Groves’ motorcycle hit a median, causing her to fall over onto another oncoming car. In a matter of seconds, her body was struck two times by vehicles moving at full speed. The vehicle that originally hit Groves did not stay at the scene.
“There could have been many reasons why this person didn’t stop, I don’t know why they didn’t stop,” Groves said. “The second car did stop, and thank God they did, because if they hadn’t called an ambulance I likely would have died.”
Groves faced 20 bone fractures and a brachial plexus injury that caused complete paralysis of her right arm. As a former guitarist and hair stylist, everything Groves had come to know was quickly taken from her.
“All of my creativity, in a split second, was taken away from me. In that rage, I was like ‘My life is destroyed, what am I going to do now?’’ Groves said.
While adapting to life with one mobile arm, Groves decided to morph a devastating experience into a way to help others. In January 2016, she bought a large white truck, began painting it and covered it with LED lights.
She turned the truck into a party bus and coined the name “Jam Tram.” When riders enter the party-centric van, they are encouraged to play their own music and celebrate.

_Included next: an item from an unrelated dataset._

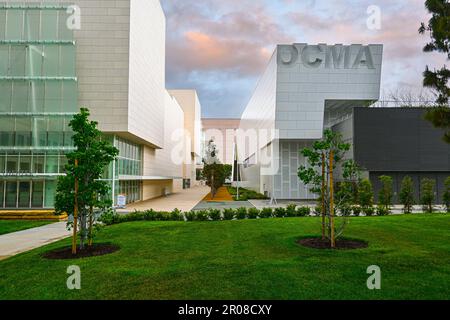 COSTA MESA, KALIFORNIEN - 5. MAI 2023: Orange County Museum of Art (OCMA) und Samueli Theater. Stockfoto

“When music wasn’t an option for me anymore, the music graduated into the Jam Tram,” Groves said. “Music is a big part of the Jam Tram, and although I’m not performing on stage, I’m still performing my art and I get the same feeling.”
Groves charges a flat $5 fee per rider, but her motivation behind driving the Jam Tram is not the money.
“Drunk driving is huge in Phoenix, it’s quite possibly an epidemic. I push that as one of the reasons why you should use the Jam Tram, because it’s a fun way to not drink and drive,” Groves said. “Every five dollars I get is a bucket of paint to just keep building and building it.”
While her gleaming car is now a familiar sight at popular locations throughout Phoenix, Groves admits that starting a transportation business, especially after a life changing injury, has been anything but easy.
“I wasn’t born disabled, I was born an able-bodied person. I lived 35 years with an able body. So, learning to live with one functioning arm has been the biggest challenge I’ve ever faced,” Groves said.
In order to keep her business going, Groves keeps Saturdays open to work private events.
Suzanne Wilcox attended one of Groves’ first ever Jam Tram events at a bridal party.
“It was so much fun, her attitude was so positive, and she just wanted us to have fun,” Wilcox said. “Everyone was safe and having fun and dancing. It was one of the most fun nights I’ve had at a wedding party.”
In addition to working events, Groves brings the Jam Tram to festivals to provide safe and enjoyable transportation. This year, she will be providing rides at the 10th Annual Grand Avenue Festival on Nov. 10 in Historic Grand Avenue. The Jam Tram will provide free transportation and will help connect the festival-goers between many destinations.
“I think the festive nature of the tram, which she is actually refurbishing, will add a fun element to the Festival and assist us in getting people to the north and south ends of the route,” said Beatrice Moore, the director of Grand Avenue Arts and Preservation. “Who wouldn’t want to be ferried to their destination in a delightful, lighted, musical bus?”
Groves continues to promote safety in a celebratory way and believes that the process of creating the Jam Tram has helped her to grow through immense tribulations.
“The Jam Tram gives me the opportunity to learn how to function with one arm, the possibility of having a career with one arm and the opportunity to go out and face society,” Groves said. “It gives me the opportunity to go out in a crowd and have people look at my disabled body, but feel confident, because they’re also looking at something really cool that this disabled body built.”
In the future, Groves plans to continue promoting safe driving conditions in her own specialized way.
“I’m working as hard as I am physically able to with my limitations, so that one day being disabled won’t even be an issue in my life,” Groves said. “I hope people get it, not just for my self-centered sake, but for the sake and safety of everybody in our city.”